Provide rename_column() with the name of the original column, and the new column name:
>>> dataset
Dataset({
features: ['sentence1', 'sentence2', 'label', 'idx'],
num_rows: 3668
})
>>> dataset = dataset.rename_column("sentence1", "sentenceA")
>>> dataset = dataset.rename_column("sentence2", "sentenceB")
>>> dataset
Dataset({
features: ['sentenceA', 'sentenceB', 'label', 'idx'],
num_rows: 3668
})
Remove
When you need to remove one or more columns, provide the column name to remove to the remove_columns() function. Remove more than one column by providing a list of column names:
>>> dataset = dataset.remove_columns("label")
>>> dataset
Dataset({
features: ['sentence1', 'sentence2', 'idx'],
num_rows: 3668
})
>>> dataset = dataset.remove_columns(["sentence1", "sentence2"])
>>> dataset
Dataset({
features: ['idx'],
num_rows: 3668
})
Conversely, select_columns() selects one or more columns to keep and removes the rest. This function takes either one or a list of column names:
>>> dataset
Dataset({
features: ['sentence1', 'sentence2', 'label', 'idx'],
num_rows: 3668
})
>>> dataset = dataset.select_columns(['sentence1', 'sentence2', 'idx'])
>>> dataset
Dataset({
features: ['sentence1', 'sentence2', 'idx'],
num_rows: 3668
})
>>> dataset = dataset.select_columns('idx')
>>> dataset
Dataset({
features: ['idx'],
num_rows: 3668
})
Cast
The cast() function transforms the feature type of one or more columns. This function accepts your new Features as its argument. The example below demonstrates how to change the ClassLabel and Value features:
>>> dataset.features
{'sentence1': Value(dtype='string', id=None),
'sentence2': Value(dtype='string', id=None),
'label': ClassLabel(names=['not_equivalent', 'equivalent'], id=None),
'idx': Value(dtype='int32', id=None)}
>>> from datasets import ClassLabel, Value
>>> new_features = dataset.features.copy()

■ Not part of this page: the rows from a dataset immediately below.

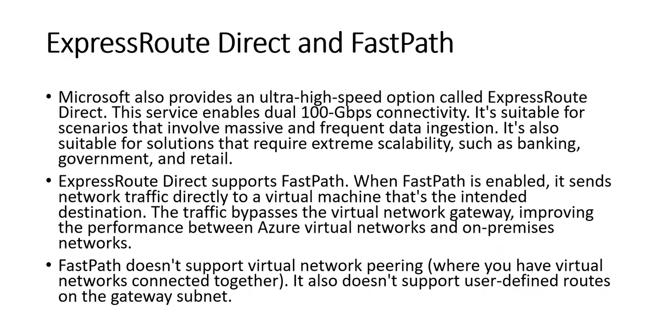Microsoft also provides an ultra high-speed option called ExpressRoute Direct, which enables dual 100 Gbps connectivity. It's suitable for massive and frequent data ingestion scenarios and solutions requiring extreme scalability such as banking, government, and retail. ExpressRoute Direct supports fast path: when fast path is enabled, network traffic is sent directly to the virtual machines — the intended destination — bypassing the virtual network gateway and improving performance between Azure virtual networks and on-premises networks. Note that fast path doesn't support virtual network peering or user-defined routes on the gateway subnet.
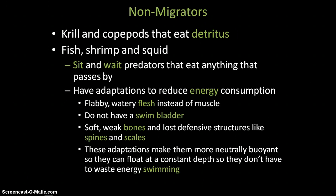These fish also have soft, weak bones, and they don't have defensive structures like spines or scales, because they don't really have muscle and you need bone for muscle to attach to. Since they don't have that, they don't need big, strong bones. Spines and scales are just too heavy and would pull them down in the water. Those are the adaptations that non-migrating animals have.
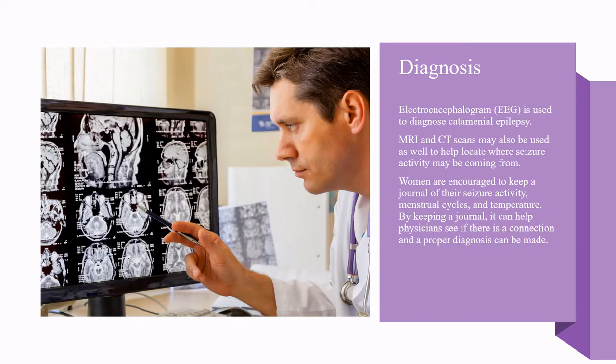An electroencephalogram, or EEG, is used to diagnose catamenial epilepsy. MRI and CT scans may also be used to help locate where seizure activity may be coming from. Women are encouraged to keep a journal of their seizure activity, menstrual cycles, and temperature. By keeping a journal, it can help physicians see if there is a connection and a proper diagnosis can be made.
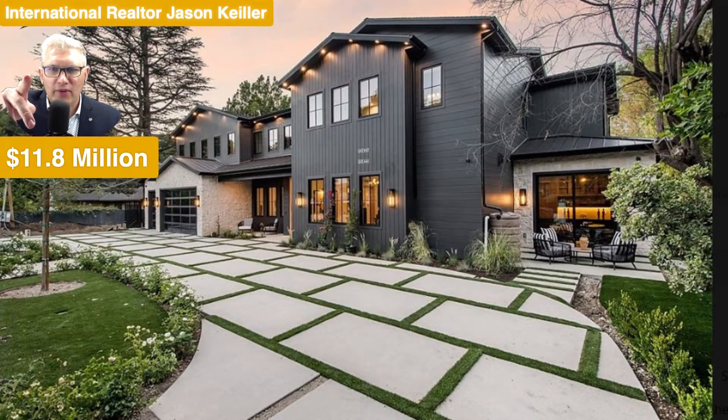Hi, Jason Keeler here, The Property Review Show. Good to see you back. We're in Encino, California, and this is a top, top neighborhood. $11.8 million.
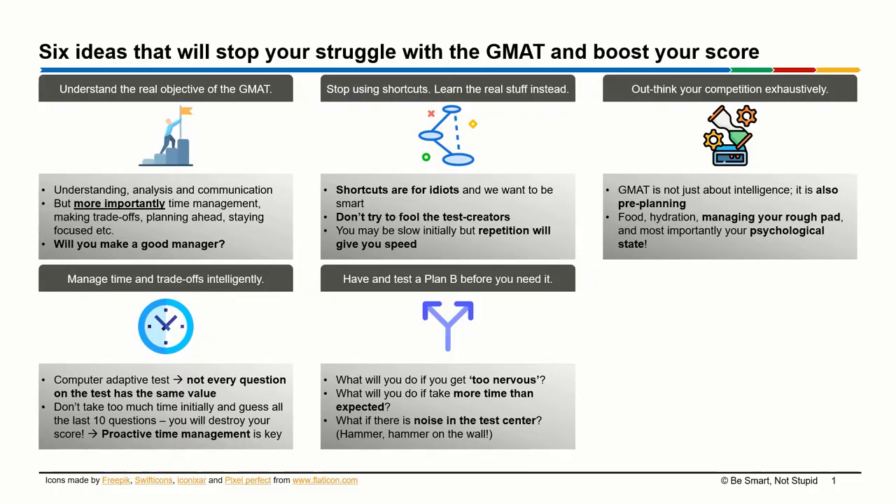The fifth idea is that you need to have and test a Plan B before you need it. Lots of things can go wrong during the exam — what if you start feeling too nervous, or start taking more time on questions than expected, or there is random noise in the test center? During my GMAT exam in 2018, there was renovation work happening in the room next door and in the middle of my verbal examination, somebody started hammering on the wall. You need to think about how to manage your emotions and mental state at a point like that beforehand, instead of thinking about it on the spot.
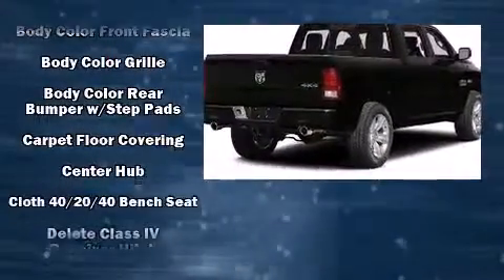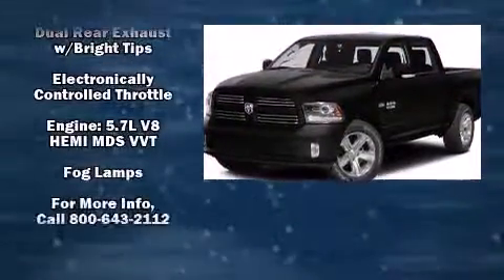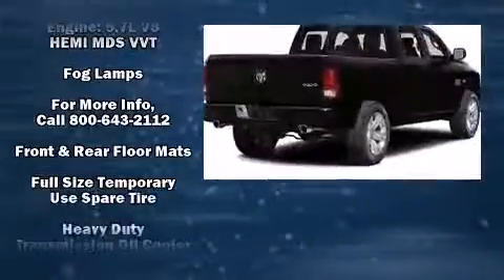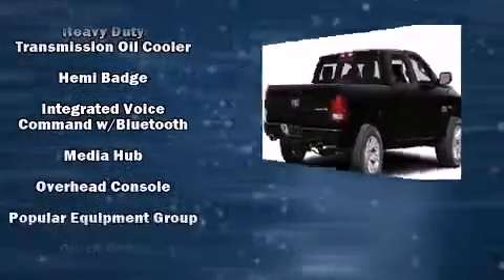This model accommodates six passengers comfortably and provides features such as variably intermittent wipers, a front bench seat, power door mirrors and heated door mirrors, a trailer hitch, a bed liner, and air conditioning.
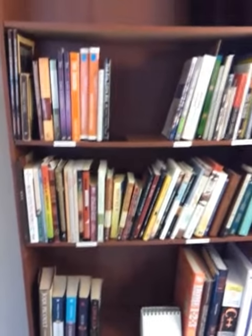Hi everyone, my name is Emily Smith, professional organizer at Simplify with Smith. Today I want to show you how to organize your bookcase.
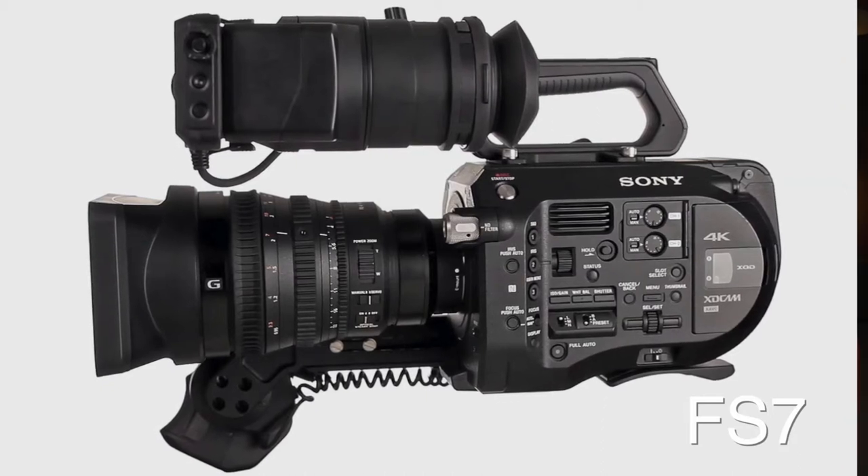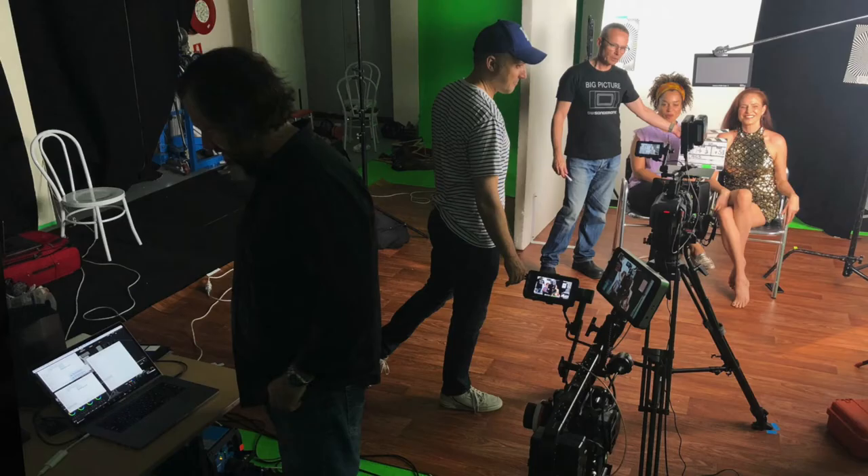Partly we're testing in the context of the FS7 — what the FX9 gives you over the FS7. The FS7 has proven to be, I think, the world's most popular Super 35 cinema camera, so it's a familiar point of reference. If we benchmark our tests to that starting point, it gives viewers something to understand — if this is how the FS7 performs relative to the FX9, that's something we can make sense of.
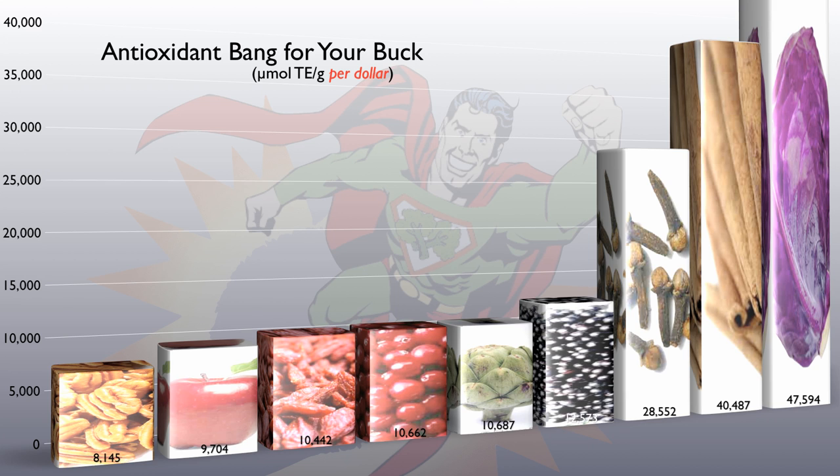I encouraged everyone to always make sure they have a purple cabbage in their crisper, to slice off shreds to put in whatever they could — it lasts for weeks, it's cheap, convenient, and one of the healthiest things on the planet. All still absolutely true.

>>> new_features["label"] = ClassLabel(names=["negative", "positive"])
>>> new_features["idx"] = Value("int64")
>>> dataset = dataset.cast(new_features)
>>> dataset.features
{'sentence1': Value(dtype='string', id=None),
'sentence2': Value(dtype='string', id=None),
'label': ClassLabel(names=['negative', 'positive'], id=None),
'idx': Value(dtype='int64', id=None)}
Casting only works if the original feature type and new feature type are compatible. For example, you can cast a column with the feature type Value("int32")
to Value("bool")
if the original column only contains ones and zeros.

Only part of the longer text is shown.